When fully accounted for in the Global Aggregate Index, local currency Chinese bonds will be the fourth largest currency component following the US dollar, euro and Japanese yen. Using data as of January 31, 2018, the index would include 386 Chinese securities and represent 5.49% of a $53.73 trillion index.
“Today’s announcement recognizes China’s continued efforts over recent years to enhance access to the world’s third-largest bond market,” said Michael Bloomberg, founder of Bloomberg LP and Chair of the Working Group on U.S. RMB Trading and Clearing. “It is a testament to China’s firm commitment to financial reforms and the pace of change taking place in its bond market, and another important step for China’s integration with global financial markets.”
In order to be considered for inclusion in the Global Aggregate Index, a local currency debt market must be classified as investment grade and its currency must be freely tradable, convertible, hedgeable, and free of capital controls. Ongoing enhancements from the PBoC have resulted in RMB-denominated securities meeting these absolute index rules.
Additional enhancements are required prior to the planned inclusion date to increase investor confidence and to improve market accessibility. Among these are: the implementation of delivery vs. payment settlement, ability to allocate block trades across portfolios, and clarification on tax collection policies. Should progress on these enhancements be delayed, China’s inclusion in the Global Aggregate Index and other Bloomberg Barclays Indices may also be delayed.
“Bloomberg’s inclusion of RMB-denominated bonds in the most widely-used fixed income benchmarks represents a pivotal development for investors around the world,” said Henry M. Paulson, Co-Chair of The Working Group on U.S. RMB Trading and Clearing. “China’s new position in international bond portfolios will pave the way for robust market activity and support continued financial reforms.”

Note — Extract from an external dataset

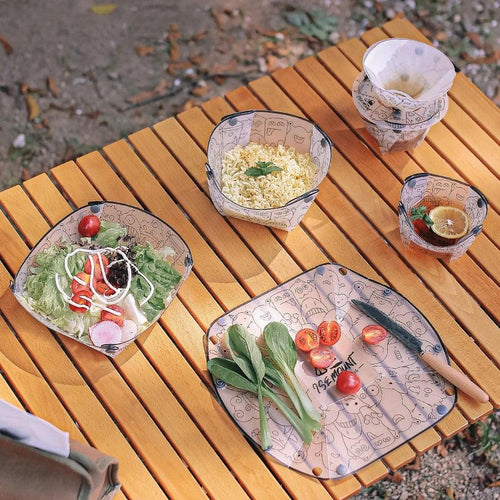 Outdoor Folding Tableware Portable Ultra-light Bowl Plate Coffee Filter Funnel Cup Multi-purpose Combination Tableware - Ammpoure Wellbeing 🇬🇧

“The Chinese interbank bond markets continue to evolve, and Bloomberg will reflect the maturation of this asset class in our global benchmarks,” said Steve Berkley, Global Head of Bloomberg Indices. “Following our introduction of the China Aggregate index in 2004 and the +China indices in 2017, the official inclusion of RMB-denominated securities in the Global Aggregate Index reflects the next natural step expected by global investors.”
In addition to the Global Aggregate Index, Chinese RMB-denominated debt will be eligible for inclusion in the Global Treasury and EM Local Currency Government Indices starting April 2019.
The planned inclusion of the Chinese market in the Global Aggregate, Global Treasury, and EM Local Currency Government Indices will be phased in over a 20-month period, starting in April 2019 with a scaling factor of 5% and increasing in 5% increments each month. Bloomberg will review the speed of implementation on an annual basis, per the company’s governance process.
Bloomberg will create ex-China versions of the Global Aggregate, Global Treasury and EM Local Currency Government Indices for index users who wish to track benchmarks that exclude China. Bloomberg will also offer to create customized capped versions of the indices for investors looking to limit exposure to China.